• _DIRECTIONS FOR THIS TASK_
Return the records exactly as they stand, and keep the pictures out of the copy.

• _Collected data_
****
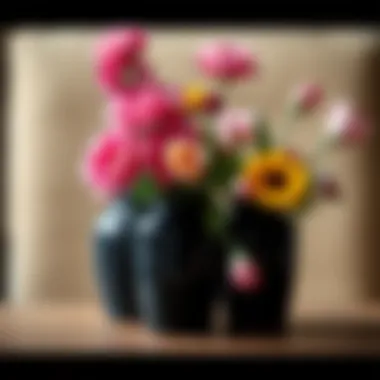 Innovative arrangement of flowers in black plastic vases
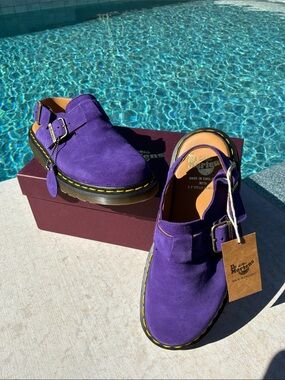 Dr. Martens Jorge Made In England Suede Slingback In Passion Purple NIB Size 10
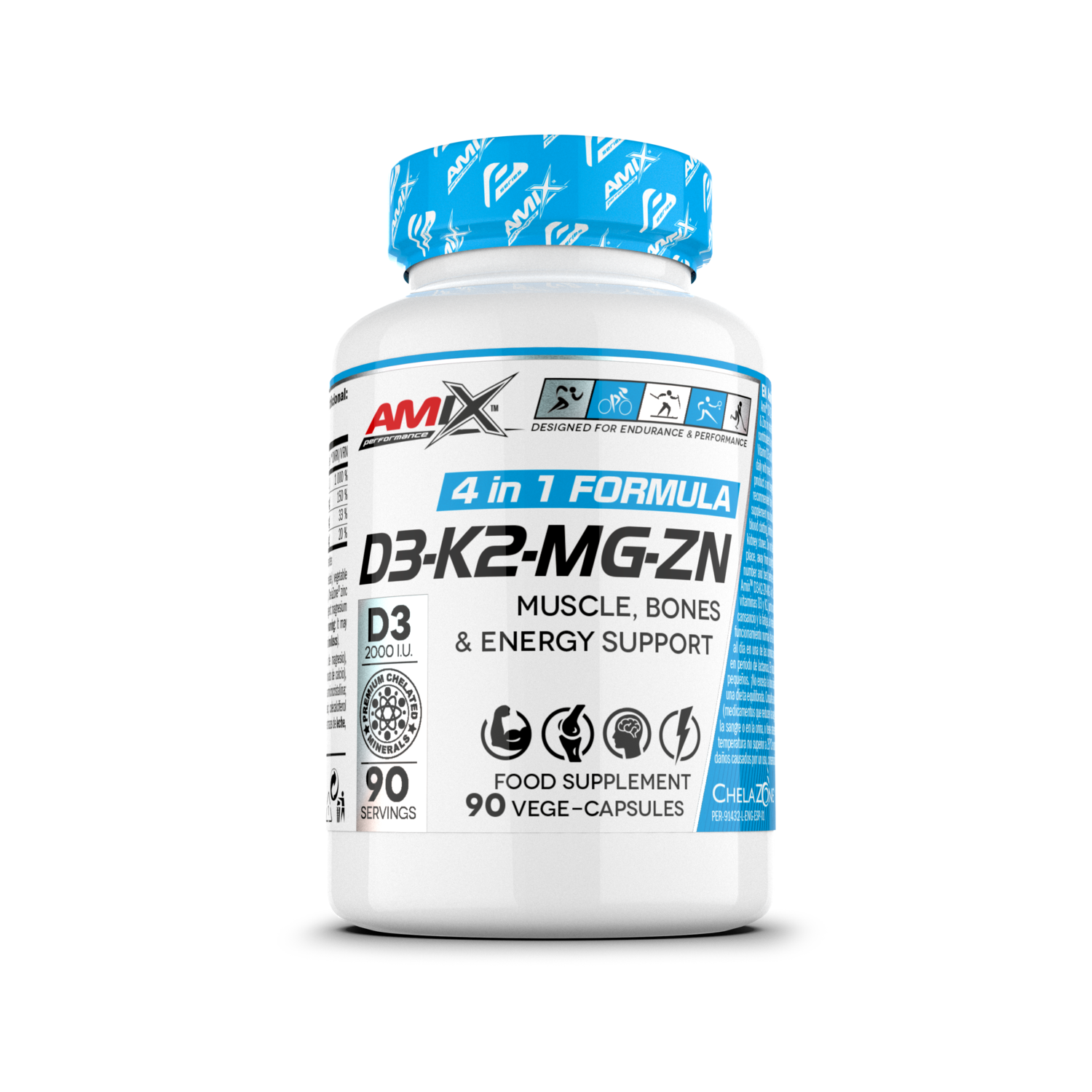 Vitaminas D3, K2 com magnésio e zinco 90 Caps - Amix Performance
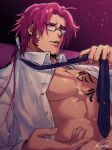  1boy abs artist_name bara chest_tattoo collared_shirt glasses kunyu large_pectorals long_hair looking_to_the_side male_focus manly mature_male muscular muscular_male necktie necktie_grab neckwear_grab open_clothes open_mouth open_shirt pectorals ponytail purple_hair shirt signature solo tattoo teeth tonbokiri_(touken_ranbu) tongue touken_ranbu upper_body yellow_eyes 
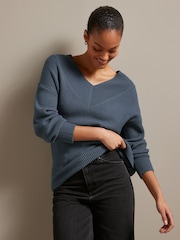 Blue Relaxed Fit Ribbed V-Neck Knitted Jumper - Image 1 of 6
****
• _RESULT_
 Innovative arrangement of flowers in black plastic vases
 Dr. Martens Jorge Made In England Suede Slingback In Passion Purple NIB Size 10
 Vitaminas D3, K2 com magnésio e zinco 90 Caps - Amix Performance
  1boy abs artist_name bara chest_tattoo collared_shirt glasses kunyu large_pectorals long_hair looking_to_the_side male_focus manly mature_male muscular muscular_male necktie necktie_grab neckwear_grab open_clothes open_mouth open_shirt pectorals ponytail purple_hair shirt signature solo tattoo teeth tonbokiri_(touken_ranbu) tongue touken_ranbu upper_body yellow_eyes 
 Blue Relaxed Fit Ribbed V-Neck Knitted Jumper - Image 1 of 6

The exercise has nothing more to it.